Segment Start: Supplied records

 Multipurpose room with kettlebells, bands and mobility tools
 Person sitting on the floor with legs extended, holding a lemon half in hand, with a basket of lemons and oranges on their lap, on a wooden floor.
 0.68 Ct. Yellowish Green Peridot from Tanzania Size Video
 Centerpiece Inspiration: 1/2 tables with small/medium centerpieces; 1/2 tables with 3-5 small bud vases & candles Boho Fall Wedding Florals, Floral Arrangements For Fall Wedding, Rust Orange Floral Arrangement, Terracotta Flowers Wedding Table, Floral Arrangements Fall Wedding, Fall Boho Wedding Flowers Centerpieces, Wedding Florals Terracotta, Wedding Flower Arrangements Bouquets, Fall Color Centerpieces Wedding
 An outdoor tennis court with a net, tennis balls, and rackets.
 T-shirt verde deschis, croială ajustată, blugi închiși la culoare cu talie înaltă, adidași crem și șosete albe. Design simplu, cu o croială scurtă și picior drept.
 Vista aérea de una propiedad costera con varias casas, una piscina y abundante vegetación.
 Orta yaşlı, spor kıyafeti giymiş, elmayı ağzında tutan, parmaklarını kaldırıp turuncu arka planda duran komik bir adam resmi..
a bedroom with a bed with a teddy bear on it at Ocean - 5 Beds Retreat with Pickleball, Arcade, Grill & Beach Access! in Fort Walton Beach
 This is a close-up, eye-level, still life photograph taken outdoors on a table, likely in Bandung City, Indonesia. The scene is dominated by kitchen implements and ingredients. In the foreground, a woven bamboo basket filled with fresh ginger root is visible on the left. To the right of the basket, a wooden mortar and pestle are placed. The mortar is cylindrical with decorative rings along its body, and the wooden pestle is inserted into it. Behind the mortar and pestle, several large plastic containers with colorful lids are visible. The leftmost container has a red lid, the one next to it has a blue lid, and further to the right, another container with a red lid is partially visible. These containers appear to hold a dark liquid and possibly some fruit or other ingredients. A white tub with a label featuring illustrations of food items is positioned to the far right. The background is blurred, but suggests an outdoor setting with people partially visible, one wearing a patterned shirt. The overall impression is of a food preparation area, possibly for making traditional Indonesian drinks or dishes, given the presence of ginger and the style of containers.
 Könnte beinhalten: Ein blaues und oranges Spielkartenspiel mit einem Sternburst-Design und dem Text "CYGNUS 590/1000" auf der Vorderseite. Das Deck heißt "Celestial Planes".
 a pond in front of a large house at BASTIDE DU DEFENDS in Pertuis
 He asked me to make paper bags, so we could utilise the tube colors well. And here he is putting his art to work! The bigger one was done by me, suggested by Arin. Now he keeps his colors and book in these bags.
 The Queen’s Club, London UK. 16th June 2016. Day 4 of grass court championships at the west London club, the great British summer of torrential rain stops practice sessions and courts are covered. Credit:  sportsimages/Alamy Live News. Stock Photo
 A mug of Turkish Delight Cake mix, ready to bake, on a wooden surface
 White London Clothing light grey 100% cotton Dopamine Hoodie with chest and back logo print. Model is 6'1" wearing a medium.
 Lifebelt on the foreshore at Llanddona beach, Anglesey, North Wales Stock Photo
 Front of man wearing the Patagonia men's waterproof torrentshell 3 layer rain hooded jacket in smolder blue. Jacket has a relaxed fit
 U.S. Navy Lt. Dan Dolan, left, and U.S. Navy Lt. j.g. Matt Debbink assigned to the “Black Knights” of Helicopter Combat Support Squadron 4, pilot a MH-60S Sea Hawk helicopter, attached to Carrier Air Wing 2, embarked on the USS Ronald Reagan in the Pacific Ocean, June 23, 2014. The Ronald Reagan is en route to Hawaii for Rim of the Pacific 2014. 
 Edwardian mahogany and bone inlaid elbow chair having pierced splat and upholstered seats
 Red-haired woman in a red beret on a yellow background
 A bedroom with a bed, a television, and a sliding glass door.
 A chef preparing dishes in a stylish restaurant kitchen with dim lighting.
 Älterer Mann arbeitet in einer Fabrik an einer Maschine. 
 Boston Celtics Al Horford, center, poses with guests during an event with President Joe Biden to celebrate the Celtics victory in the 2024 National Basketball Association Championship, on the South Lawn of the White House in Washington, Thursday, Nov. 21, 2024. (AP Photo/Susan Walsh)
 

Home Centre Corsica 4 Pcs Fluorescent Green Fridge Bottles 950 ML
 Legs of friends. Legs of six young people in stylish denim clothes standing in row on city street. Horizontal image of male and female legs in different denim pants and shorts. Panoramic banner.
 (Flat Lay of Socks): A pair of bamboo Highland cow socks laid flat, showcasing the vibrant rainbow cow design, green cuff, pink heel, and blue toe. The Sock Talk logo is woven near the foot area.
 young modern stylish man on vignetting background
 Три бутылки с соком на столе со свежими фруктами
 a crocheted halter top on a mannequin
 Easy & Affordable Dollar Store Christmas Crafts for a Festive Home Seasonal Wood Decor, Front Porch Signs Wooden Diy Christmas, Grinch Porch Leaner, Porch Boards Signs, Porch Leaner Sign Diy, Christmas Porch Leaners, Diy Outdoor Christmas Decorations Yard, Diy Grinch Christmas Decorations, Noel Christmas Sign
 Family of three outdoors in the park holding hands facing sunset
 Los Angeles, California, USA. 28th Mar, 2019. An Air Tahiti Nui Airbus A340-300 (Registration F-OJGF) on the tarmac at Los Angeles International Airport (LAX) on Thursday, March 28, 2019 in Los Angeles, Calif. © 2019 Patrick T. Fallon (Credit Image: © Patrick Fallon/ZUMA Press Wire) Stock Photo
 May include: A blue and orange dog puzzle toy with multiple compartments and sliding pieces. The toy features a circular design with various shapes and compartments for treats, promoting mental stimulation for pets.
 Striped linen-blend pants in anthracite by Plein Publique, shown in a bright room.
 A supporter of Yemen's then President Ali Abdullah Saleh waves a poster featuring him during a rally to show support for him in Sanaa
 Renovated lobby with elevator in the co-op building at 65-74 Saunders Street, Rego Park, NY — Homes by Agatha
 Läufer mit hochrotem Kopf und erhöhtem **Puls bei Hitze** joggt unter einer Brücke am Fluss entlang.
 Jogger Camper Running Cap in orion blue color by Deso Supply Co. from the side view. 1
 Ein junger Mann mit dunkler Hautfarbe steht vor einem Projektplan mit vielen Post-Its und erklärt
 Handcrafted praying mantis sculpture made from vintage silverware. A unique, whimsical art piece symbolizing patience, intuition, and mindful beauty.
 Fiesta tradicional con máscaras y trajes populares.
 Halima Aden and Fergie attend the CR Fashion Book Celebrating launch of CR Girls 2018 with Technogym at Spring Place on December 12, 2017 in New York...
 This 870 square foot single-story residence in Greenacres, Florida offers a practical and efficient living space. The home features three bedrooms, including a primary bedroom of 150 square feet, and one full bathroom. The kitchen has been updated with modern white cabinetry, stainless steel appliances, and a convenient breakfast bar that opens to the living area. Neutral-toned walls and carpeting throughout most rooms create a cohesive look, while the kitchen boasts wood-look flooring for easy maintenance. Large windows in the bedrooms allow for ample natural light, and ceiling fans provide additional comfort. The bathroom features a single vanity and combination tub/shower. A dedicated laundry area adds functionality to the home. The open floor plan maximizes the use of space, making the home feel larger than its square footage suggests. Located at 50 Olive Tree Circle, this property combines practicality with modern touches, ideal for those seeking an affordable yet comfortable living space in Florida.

Segment End: Supplied records

◆ **Required action**
Return nothing but the lines from the start of the listing above through the line containing "0.68 Ct. Yellowish", exactly as given.

◆ **Task result**
 Multipurpose room with kettlebells, bands and mobility tools
 Person sitting on the floor with legs extended, holding a lemon half in hand, with a basket of lemons and oranges on their lap, on a wooden floor.
 0.68 Ct. Yellowish Green Peridot from Tanzania Size Video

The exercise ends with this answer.